Nice Collateral. Shame If Something Happened to It.
Sad to admit I learned something obvious the hard way: apartment boards kind of suck.
I signed my first tiny apartment because it had 24/7 access to a rooftop—great view, fresh air, and a refuge from the bustle of the city. But, within 6 months of moving in, the apartment board decided that access to the rooftop was paid only and limited to work hours. With the flick of a pen, a majority made the best part of my apartment basically disappear.
Investors are now experiencing the same thing, but that rooftop is actually hundreds of millions of dollars of collateral.
All lender consent terms for lien subordination prevent majority rule for stripping collateral in capital markets deals—and our Q1 '25 data shows a fascinating trend:
→ These terms appeared in 52% of deals in Q1 ‘25
→ That's down from a two-year peak of 64% in Q4 ‘24
→ But still up 17 points from Q1 ‘24 (a 48.6% increase year-over-year)
Why does this matter? Without this protection, majority lenders can vote to put new debt ahead of minority lenders in the collateral line—without their consent.

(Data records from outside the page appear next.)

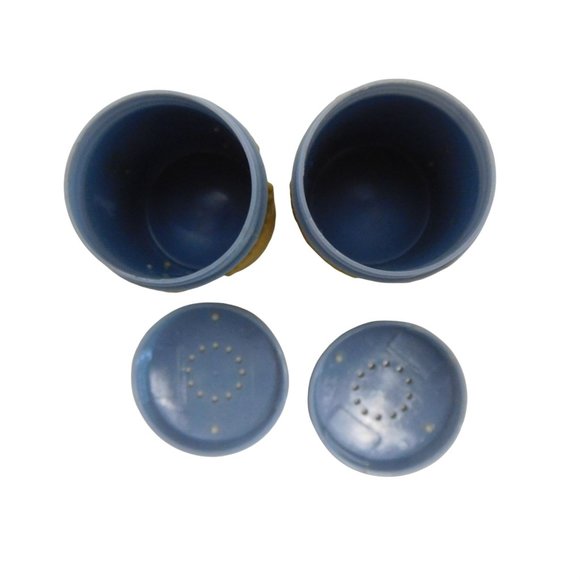 Vintage US Centennial Salt & Pepper Set Approx 1.5"x 2.5" 1970s Hong Kong - Picture 7 of 7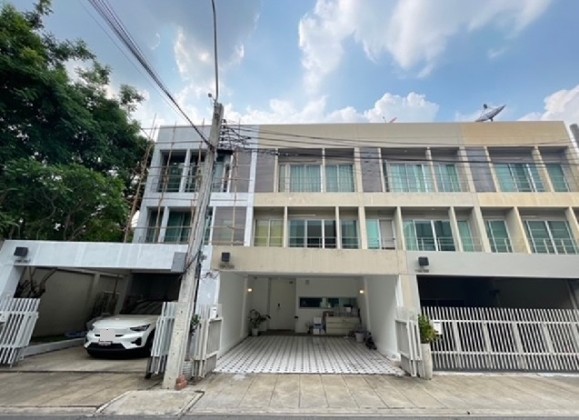 For RentTownhousePattanakan, Srinakarin : Call 081-632-0632 Townhouse for rent, 3 floors, Noble Cube Village, Phatthanakan / Noble Cube / Beautiful house, fully furnished / air conditioners throughout the house / for living or Home Office (no company registration)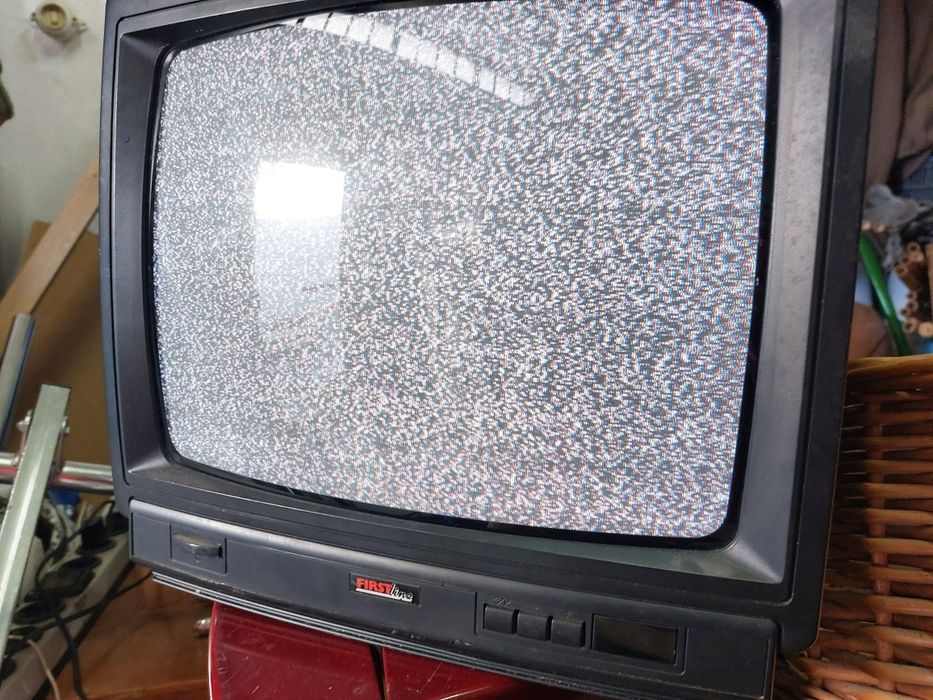 Televisão pequena a funcionar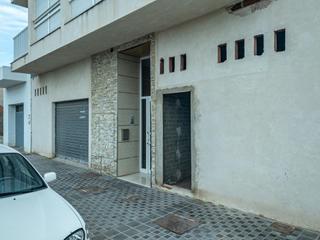Local Comercial a Avenida mediterraneo 14. Local en planta baja y en bruto con 74 m ampliable a 159 m junto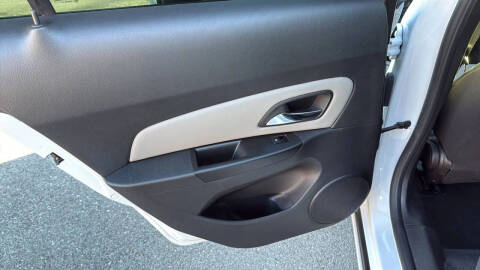 2014 Chevrolet Cruze LS Auto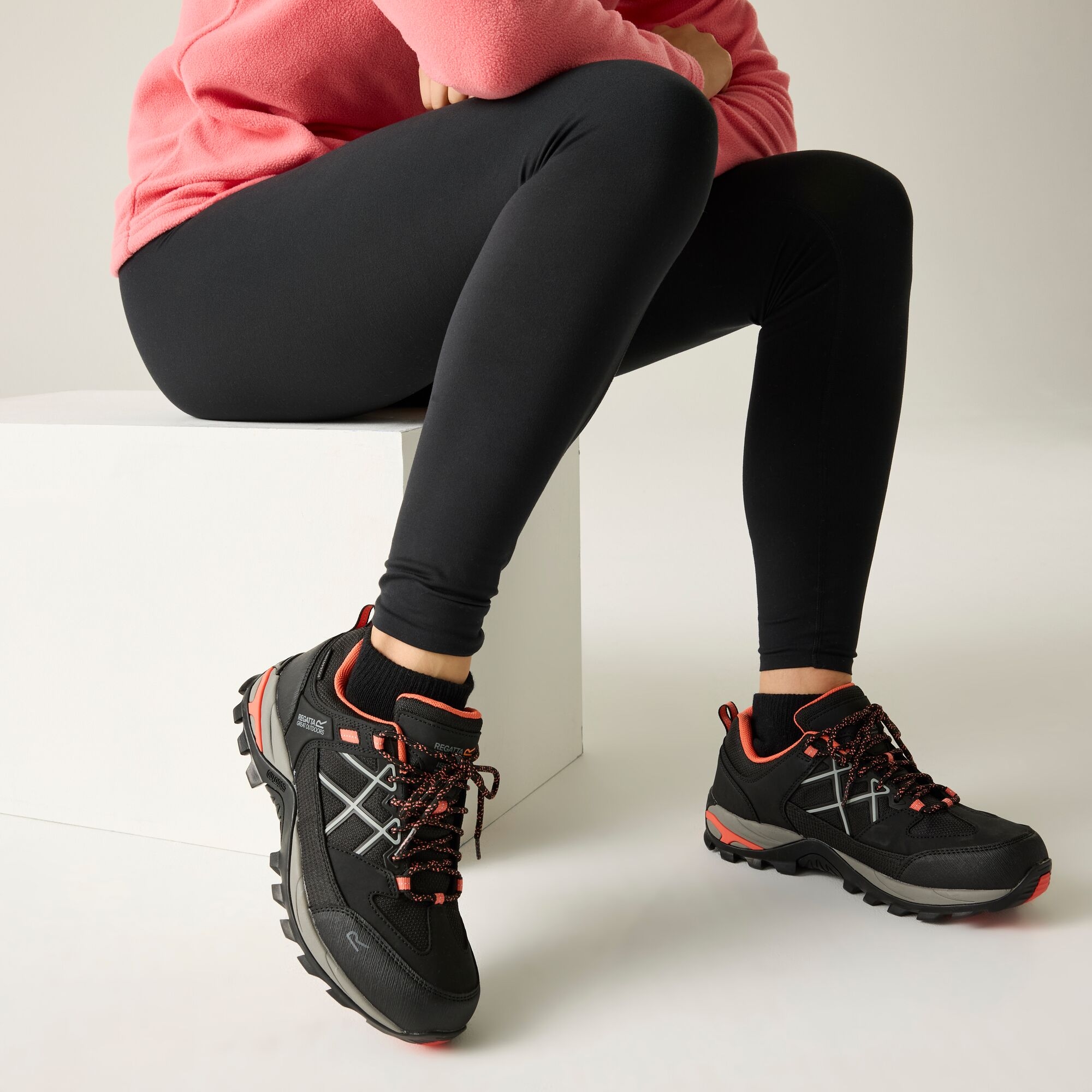 Regatta Buty damskie trekkingowe niskie z membraną Samaris III Czarny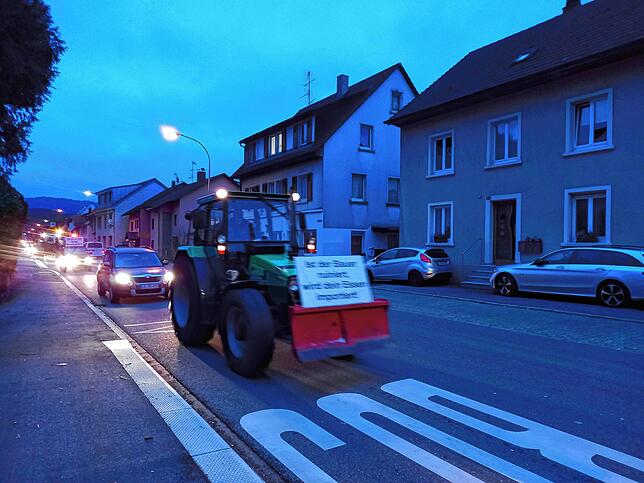 Bild 9: Scholz in Cottbus mit lauten Bauernprotesten empfangen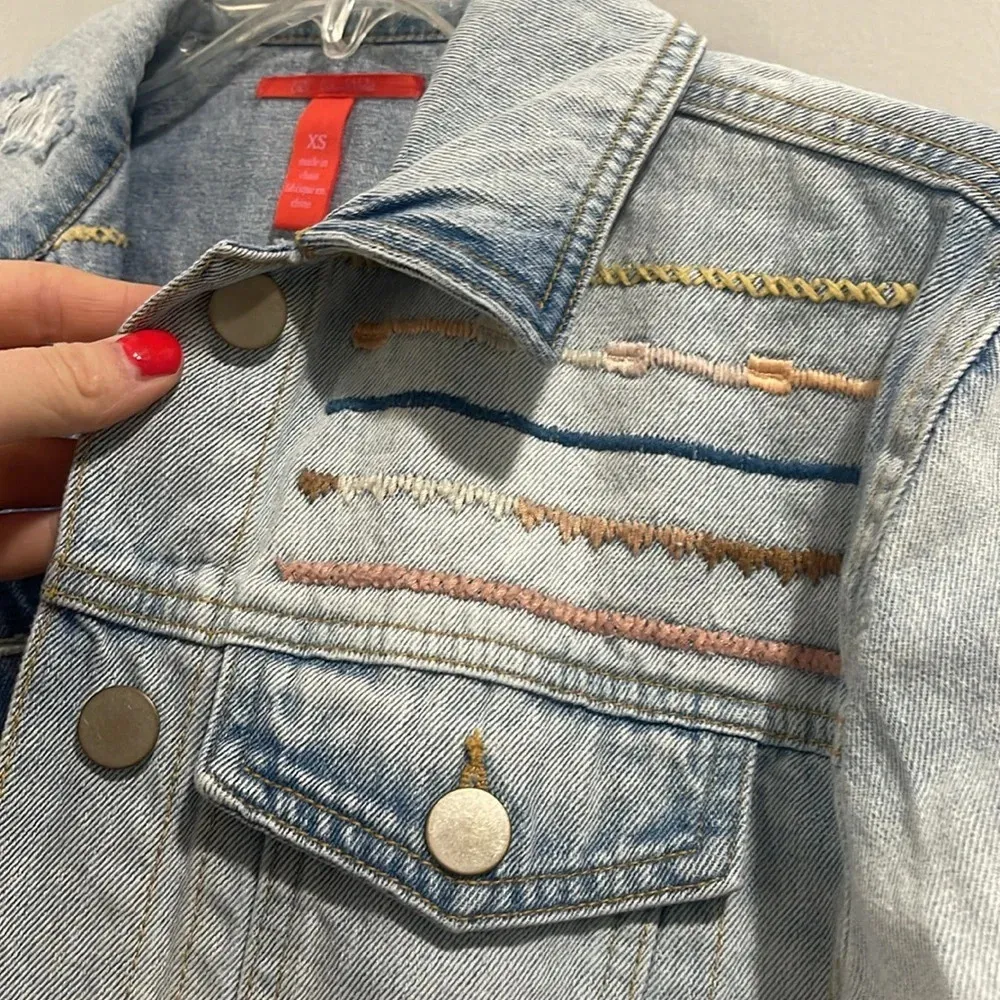 Chelsea & Violet Embroidered Distressed Denim Jacket oversized XS - Image 3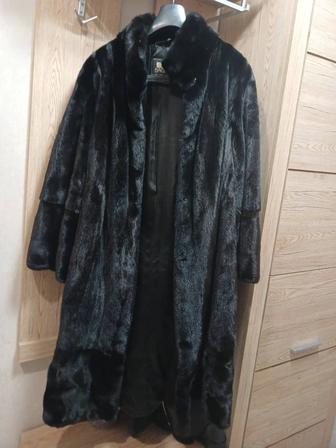 Продам норковую шубу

Most revealing? A few weeks ago, I shared that 68% of deals protect how payments get distributed among lenders. But here's the kicker: only 52% of deals protect collateral rights the same way. That 16-point gap means many deals protect how cash is shared but not who gets first claim on assets. It's like making sure your neighbors can't use the rooftop but they can still vote to block you from using it yourself.